=== Given information ===

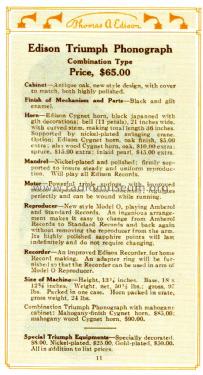 Phonograph Triumph; Edison, Thomas A., (ID = 1296015) TalkingM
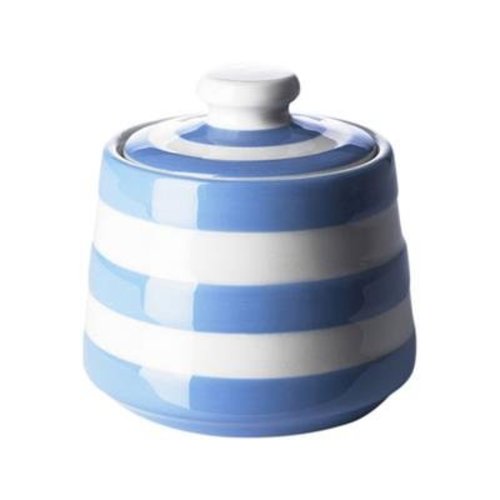 Cornishware Cornishware Covered Sugar Bowl - Blue Cornishware Cornishware Covered Sugar Bowl - Blue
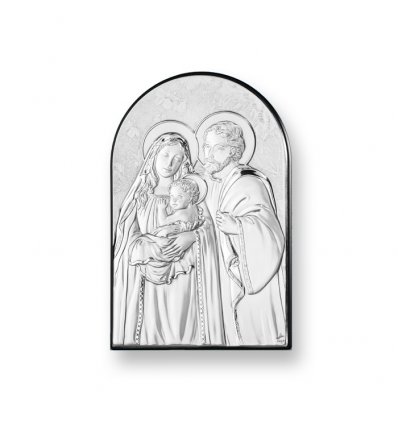 Icoana argintata cu Sacra Familia 30 * 20 cm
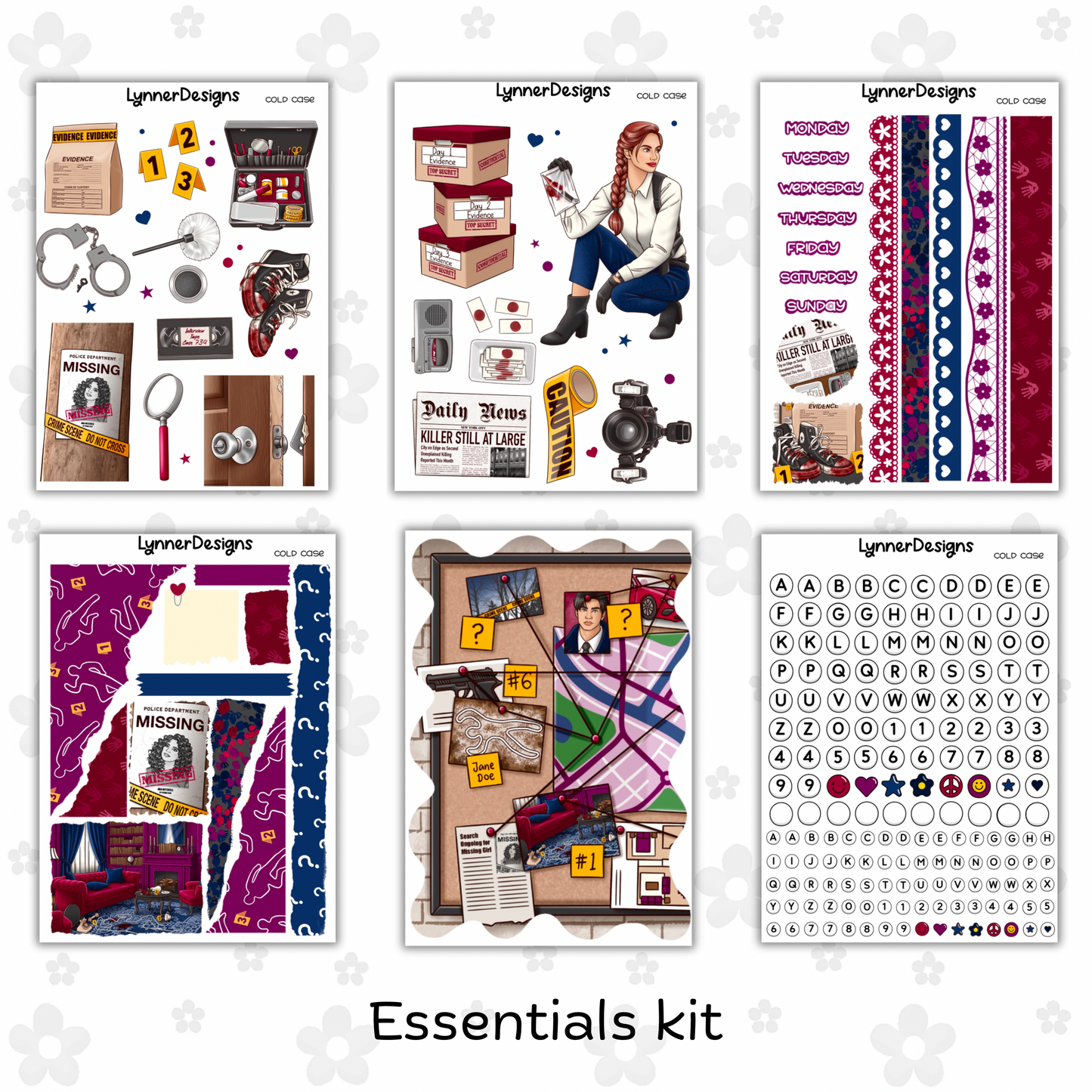 Journaling Kit - Cold Case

=== Instructions to follow ===
When you repeat the listing, keep it exact and leave the pictures behind.

=== Solution for this task ===
 Phonograph Triumph; Edison, Thomas A., (ID = 1296015) TalkingM
 Cornishware Cornishware Covered Sugar Bowl - Blue Cornishware Cornishware Covered Sugar Bowl - Blue
 Icoana argintata cu Sacra Familia 30 * 20 cm
 Journaling Kit - Cold Case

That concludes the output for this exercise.